Well, it also had mozzarella purchased especially for the project, instead of using up the "deli-sliced" cheddar.  I think I like white wheat better than red for pizza dough.  Either that, or put on something a little more assertive than pepperoni.  Hmmm . . . tamale-pie filling topped with sharp cheddar and some shavings of parmesan . . .

I had a bookalanche while getting something or the other off the top shelf yesterday, and the pile of books still clutters the sewing-room floor, because they have to be put back in a particular order.  Not to mention that I no longer trust the brick that holds them in place.

I took a short ride this morning, just to Aunt Millie's and back.  Pleasant weather, but I could have used a little more clothing.

It's about time I remembered where I stashed my balaclava.  I think it's in the cedar chest with Dave's watch caps.  But I have to move the printer to open the chest; pity I didn't think of the balaclava when Dave was looking for a watch cap.

 

27 November 2014

The lake-effect snow extended all the way to Peru, so we were concerned about driving in the dark when we left Alice's house half an hour late, but it turned out that not only was the snowfall over, there was no evidence that it *had* snowed.

On our way down, we saw at least two sets of flashing lights on the northbound side of the road, one of which had backed up traffic for miles, and I may have glimpsed a squareback in the act of sliding off -- he *could* have been leaving the road on purpose, but I couldn't see any driveway or side road -- but we didn't see any trouble on our side.

(I couldn't see whether the vehicle was still beside the road because that part of 31 is on a high embankment.)

 

28 November 2014

We've got geese, ducks, mergansers, sea gulls, and coots, but the swan left.

My wool fabric was shipped from Earth City, Missouri to Indianapolis, Indiana on Tuesday, and on Wednesday they shipped it to Belleville, Michigan.

I just Google-Mapped Belleville, and it is less than twice as far from Fort Wayne as South Bend, so that isn't as daft as it first appears.  But the last line is "shipment information sent to U.S. Postal Service" and our mail is sorted in South Bend.  But upon checking the wording of that, I see that the previous line is "Departed FedEx location", so I presume it's on its way to South Bend.

For some strange reason there hasn't been any activity since Wednesday.

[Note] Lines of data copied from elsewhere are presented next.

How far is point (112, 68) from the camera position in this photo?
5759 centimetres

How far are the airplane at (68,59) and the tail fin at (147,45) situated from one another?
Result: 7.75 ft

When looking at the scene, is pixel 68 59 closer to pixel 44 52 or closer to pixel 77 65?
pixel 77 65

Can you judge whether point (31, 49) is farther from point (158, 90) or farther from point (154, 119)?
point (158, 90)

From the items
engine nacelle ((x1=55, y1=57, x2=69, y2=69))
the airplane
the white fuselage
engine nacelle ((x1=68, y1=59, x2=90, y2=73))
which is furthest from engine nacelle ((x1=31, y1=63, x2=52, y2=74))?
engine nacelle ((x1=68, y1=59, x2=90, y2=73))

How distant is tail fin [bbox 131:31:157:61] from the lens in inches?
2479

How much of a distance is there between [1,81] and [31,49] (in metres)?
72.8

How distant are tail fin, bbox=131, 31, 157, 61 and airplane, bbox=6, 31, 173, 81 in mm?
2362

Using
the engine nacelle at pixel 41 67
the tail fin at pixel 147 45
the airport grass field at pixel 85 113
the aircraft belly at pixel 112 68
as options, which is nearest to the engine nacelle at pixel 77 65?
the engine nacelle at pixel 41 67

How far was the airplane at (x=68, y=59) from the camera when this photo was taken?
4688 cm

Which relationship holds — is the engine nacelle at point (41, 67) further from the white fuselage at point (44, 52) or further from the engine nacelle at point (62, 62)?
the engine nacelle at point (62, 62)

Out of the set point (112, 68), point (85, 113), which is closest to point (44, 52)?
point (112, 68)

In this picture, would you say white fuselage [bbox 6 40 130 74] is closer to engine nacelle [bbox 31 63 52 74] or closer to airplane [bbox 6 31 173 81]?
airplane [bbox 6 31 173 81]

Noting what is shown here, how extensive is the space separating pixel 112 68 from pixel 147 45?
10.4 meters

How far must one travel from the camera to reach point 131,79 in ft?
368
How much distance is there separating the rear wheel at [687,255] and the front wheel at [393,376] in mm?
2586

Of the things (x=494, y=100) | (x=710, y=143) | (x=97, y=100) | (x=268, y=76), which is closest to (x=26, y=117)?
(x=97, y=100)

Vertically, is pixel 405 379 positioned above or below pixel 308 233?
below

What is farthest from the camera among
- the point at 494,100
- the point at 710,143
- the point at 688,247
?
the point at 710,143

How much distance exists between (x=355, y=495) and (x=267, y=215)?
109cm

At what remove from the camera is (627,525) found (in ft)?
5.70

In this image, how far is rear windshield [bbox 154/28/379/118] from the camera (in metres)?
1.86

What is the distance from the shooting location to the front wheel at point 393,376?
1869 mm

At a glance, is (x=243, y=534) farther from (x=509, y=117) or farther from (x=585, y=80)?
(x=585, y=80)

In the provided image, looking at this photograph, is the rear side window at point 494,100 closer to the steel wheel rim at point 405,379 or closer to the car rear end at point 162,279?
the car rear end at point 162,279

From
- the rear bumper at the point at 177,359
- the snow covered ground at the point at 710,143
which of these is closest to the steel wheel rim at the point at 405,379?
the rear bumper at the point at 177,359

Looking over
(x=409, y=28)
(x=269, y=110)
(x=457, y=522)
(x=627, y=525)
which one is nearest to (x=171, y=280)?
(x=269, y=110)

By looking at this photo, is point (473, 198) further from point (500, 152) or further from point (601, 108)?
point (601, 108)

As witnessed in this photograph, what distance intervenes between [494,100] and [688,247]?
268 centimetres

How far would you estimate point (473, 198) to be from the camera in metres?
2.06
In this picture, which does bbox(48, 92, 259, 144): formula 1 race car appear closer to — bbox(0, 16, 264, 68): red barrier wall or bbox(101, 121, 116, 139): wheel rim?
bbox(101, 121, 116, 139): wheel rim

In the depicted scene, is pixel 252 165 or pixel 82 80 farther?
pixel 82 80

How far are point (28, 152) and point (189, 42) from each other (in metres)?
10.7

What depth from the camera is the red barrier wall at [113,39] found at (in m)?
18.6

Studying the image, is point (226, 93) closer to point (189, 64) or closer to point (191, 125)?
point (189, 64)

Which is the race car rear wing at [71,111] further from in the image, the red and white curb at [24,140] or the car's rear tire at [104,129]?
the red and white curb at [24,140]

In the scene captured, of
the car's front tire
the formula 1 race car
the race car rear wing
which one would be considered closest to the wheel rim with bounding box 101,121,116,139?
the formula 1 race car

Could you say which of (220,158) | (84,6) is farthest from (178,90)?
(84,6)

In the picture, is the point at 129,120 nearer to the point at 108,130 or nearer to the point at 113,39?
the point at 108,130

<Foghorn Leghorn>That's a joke, son, a joke, I say!</Foghorn>

I made a bunch of square osnaburg tablecloths for everyday use, and they got so stained they didn't look any better than the beat-up table, then Dave refinished the tabletop and I quit using them.

They are back in service now:  they are just the right size to cover the card table when I leave a partly-drafted pattern on it.  (Al loves to claw paper when he is sleeping on it.)

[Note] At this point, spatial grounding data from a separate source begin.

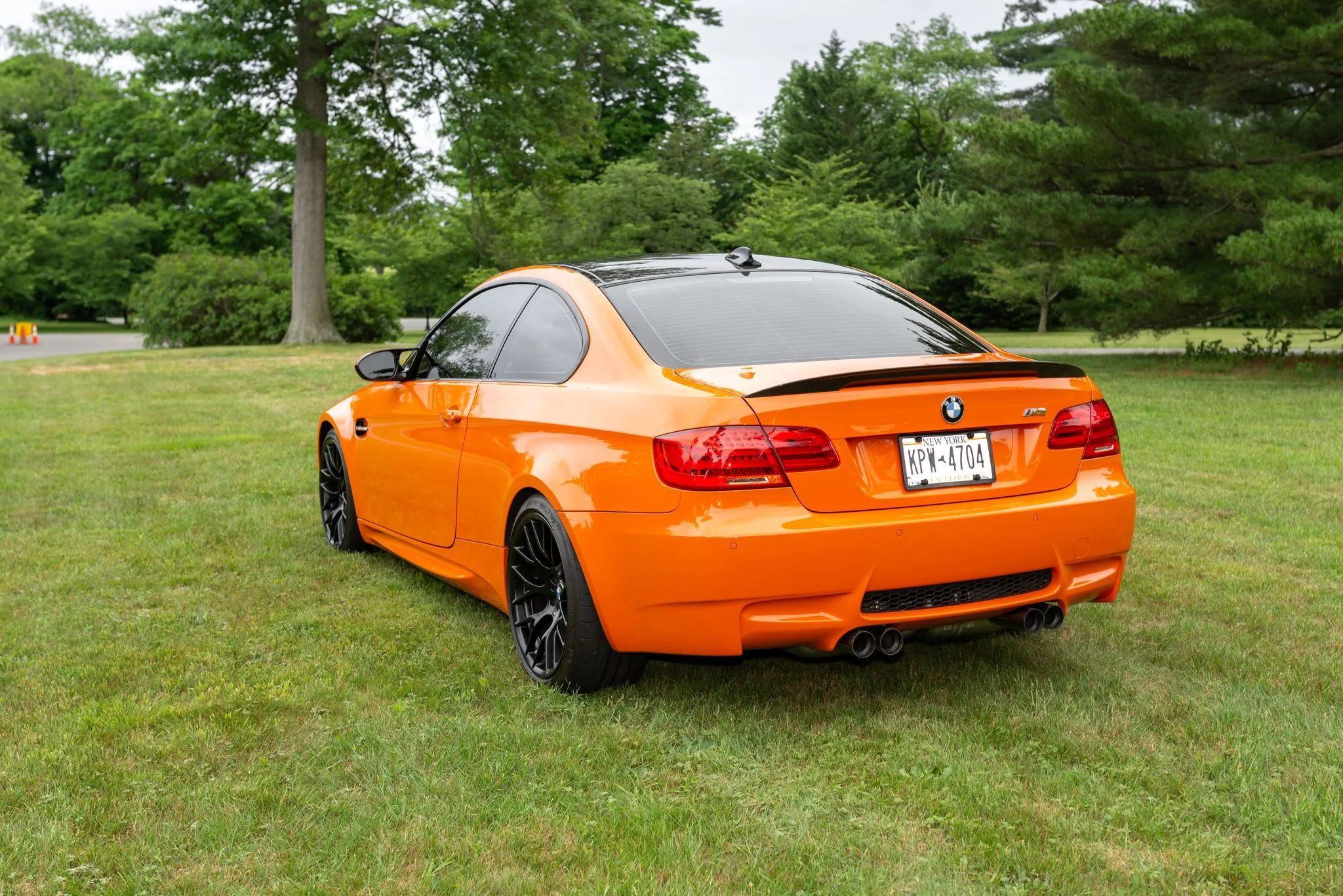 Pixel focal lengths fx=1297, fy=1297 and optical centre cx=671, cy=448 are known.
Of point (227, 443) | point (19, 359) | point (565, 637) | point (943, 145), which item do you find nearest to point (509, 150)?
point (19, 359)

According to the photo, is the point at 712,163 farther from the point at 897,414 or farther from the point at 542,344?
the point at 897,414

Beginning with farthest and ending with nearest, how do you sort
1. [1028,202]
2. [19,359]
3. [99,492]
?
1. [19,359]
2. [1028,202]
3. [99,492]

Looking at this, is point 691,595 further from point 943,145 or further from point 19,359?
point 943,145

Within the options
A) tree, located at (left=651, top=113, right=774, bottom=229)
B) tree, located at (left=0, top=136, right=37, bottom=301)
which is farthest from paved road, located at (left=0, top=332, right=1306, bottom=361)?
tree, located at (left=651, top=113, right=774, bottom=229)

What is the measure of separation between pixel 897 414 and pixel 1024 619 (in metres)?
0.87

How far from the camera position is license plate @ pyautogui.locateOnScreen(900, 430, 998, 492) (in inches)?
159

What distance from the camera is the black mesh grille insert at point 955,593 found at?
402 centimetres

I found only one, but one is all I need.  Perhaps I made the rest of them into dish towels?  Probably not, as I made a vast surplus of osnaburg towels out of the scraps from the tablecloths.

FedEx says my fabric is at the Warsaw post office.

We had left-over pease porridge for supper tonight.  With thin slices of toasted home-made bread.

I never left the house, except to carry garbage to the compost heap.  Oh, I also dumped the cat litter in the flower bed nearest the door, and went out to hang the plastic under the litterbox out to air, and again to fetch it back in when Roomba was done with the bedroom.

 

30 November 2014

The fabric was on my typing chair when I got up from my nap on Saturday.  I haven't washed it yet.

When I got back from church, the defragmenter was still working on JOY98.  More than two hours and only ninety percent done?  But it finished before I could calculate how much longer it would take.

Quite warm when we got up, and getting warmer.  But the weather chart predicted that the temperature would peak just as I got out of church, then drop.  So I wore my shawl and took my gloves, in case church ran late and the weather moved in early.  It turned out the other way around, but I was pleased to have a shawl over my right elbow when I came home by way of Park Avenue in the wind off the lake.

The microwave just said my lunch is ready.

I mixed up red-wheat flour yesterday, but neither of us felt like pizza, so I fried sliders.  Bread mix will keep for days at room temperature.  Not weeks, because it's all whole-grain flour.